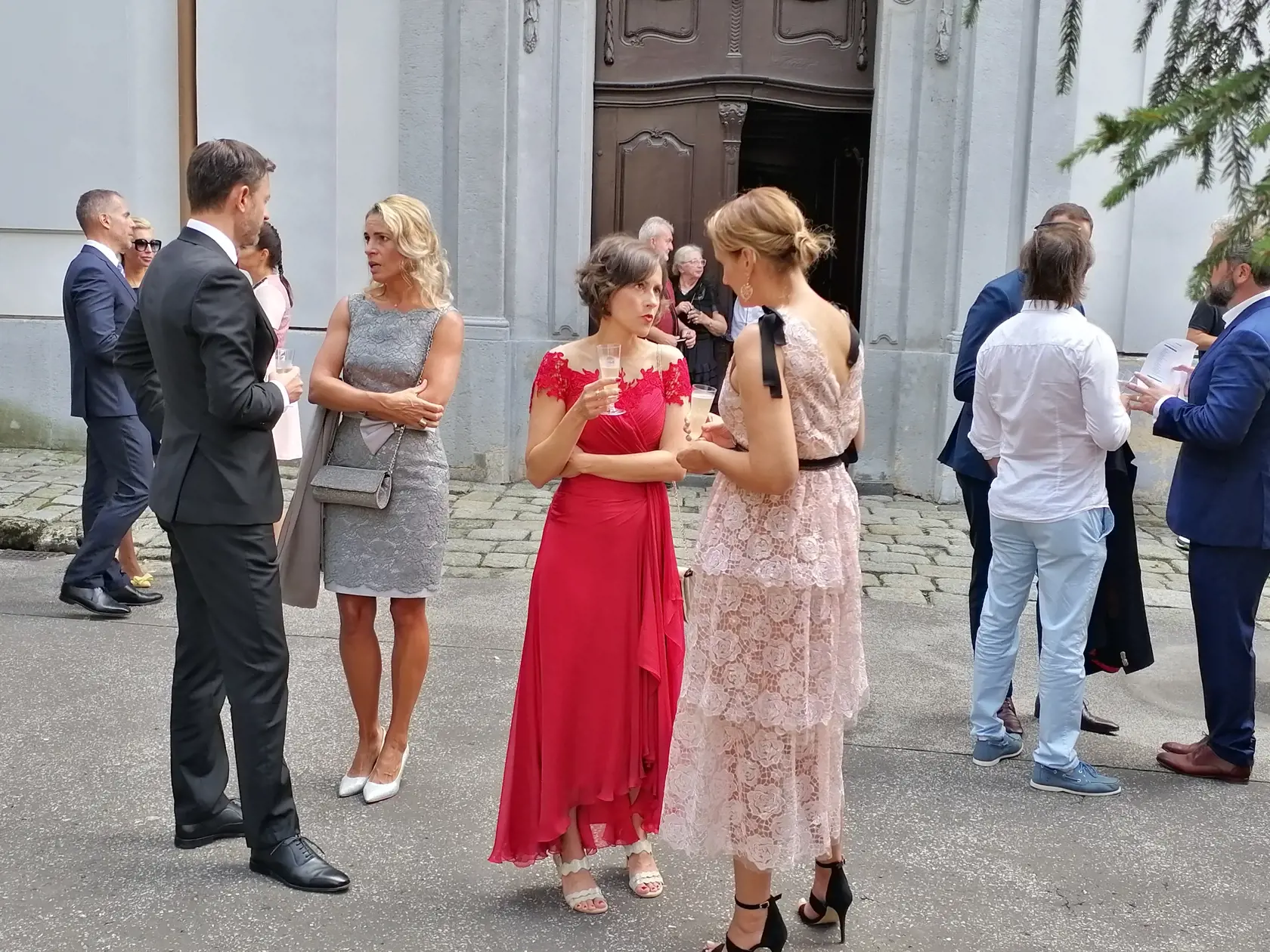 Premiér Eduard Heger v družnom rozhovore pred evanjelickým kostolom. Jeho manželka Lucia Hegerová očarila krásnymi červenými šatami.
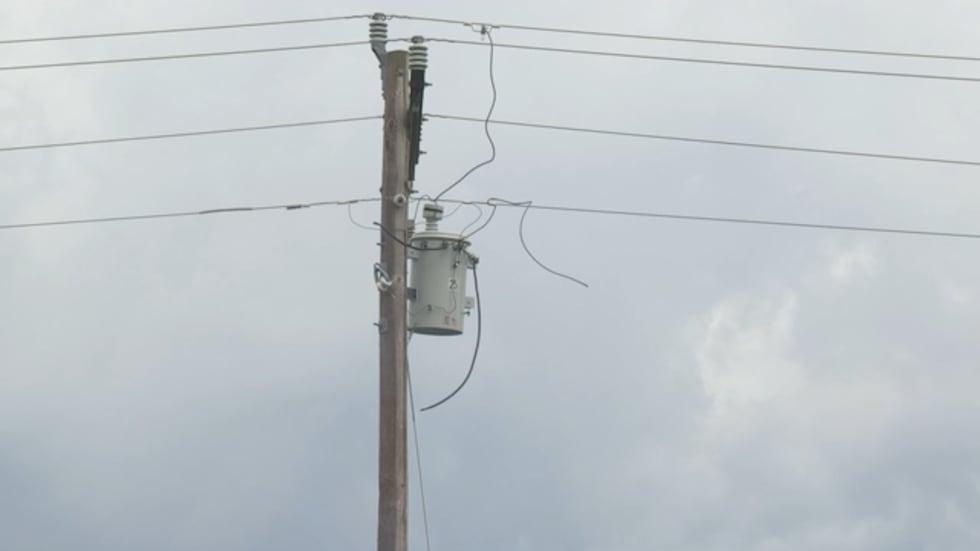 Un cable eléctrico se encuentra en el patio de los Barnett después de haber sido arrancado del equipo al otro lado del...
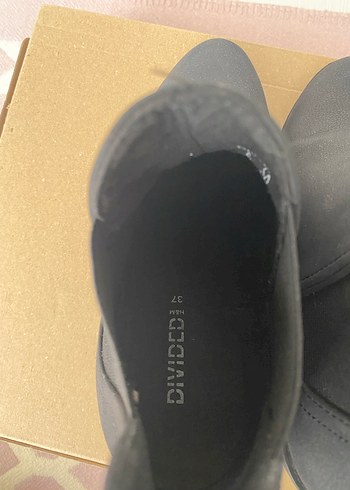 H&M Süet Topuklu Kadın Bot - Görsel 6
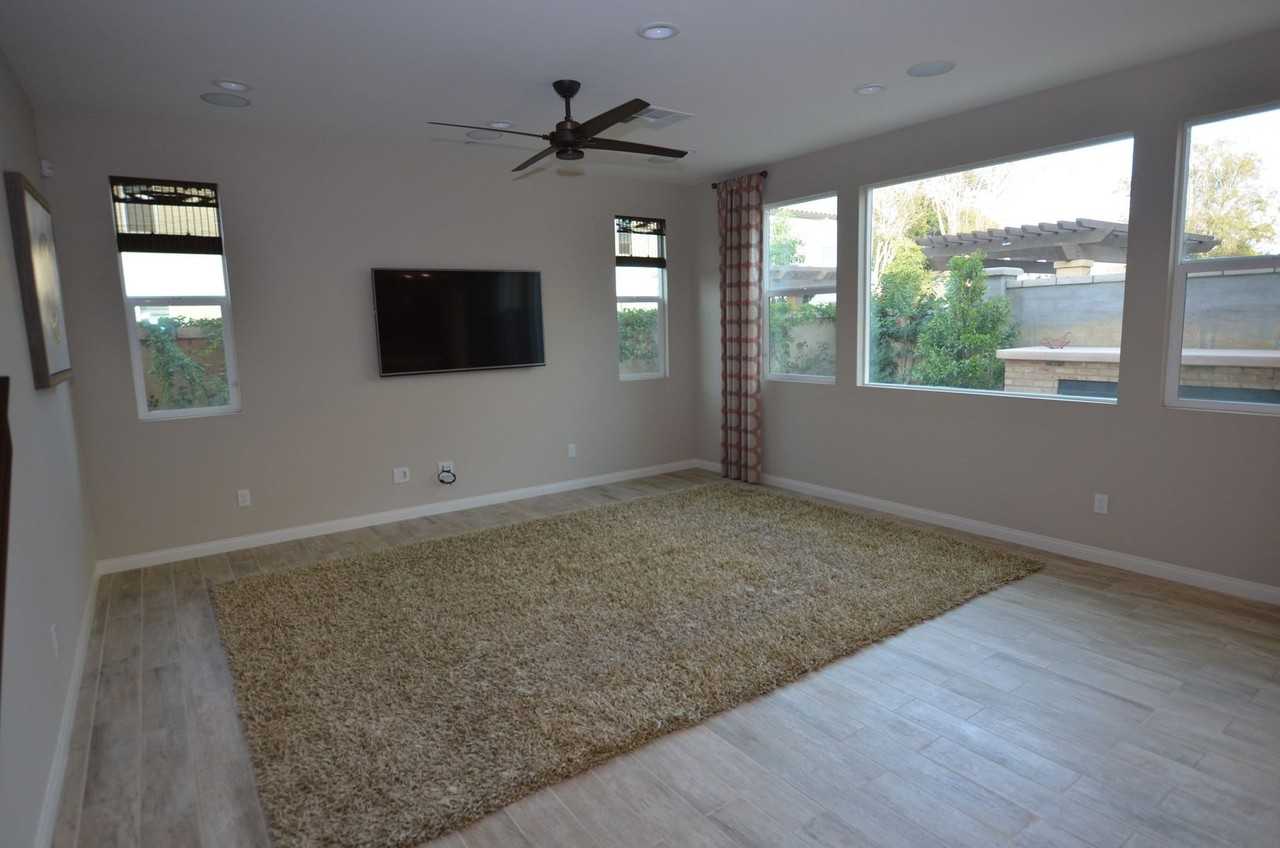 1005 Sea Glass Way - Photo 5 of 41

REQUIREMENT |
Retype the data shown above exactly, excluding any picture it contains.

RESULT FOR THIS EXERCISE |
 Premiér Eduard Heger v družnom rozhovore pred evanjelickým kostolom. Jeho manželka Lucia Hegerová očarila krásnymi červenými šatami.
 Un cable eléctrico se encuentra en el patio de los Barnett después de haber sido arrancado del equipo al otro lado del...
 H&M Süet Topuklu Kadın Bot - Görsel 6
 1005 Sea Glass Way - Photo 5 of 41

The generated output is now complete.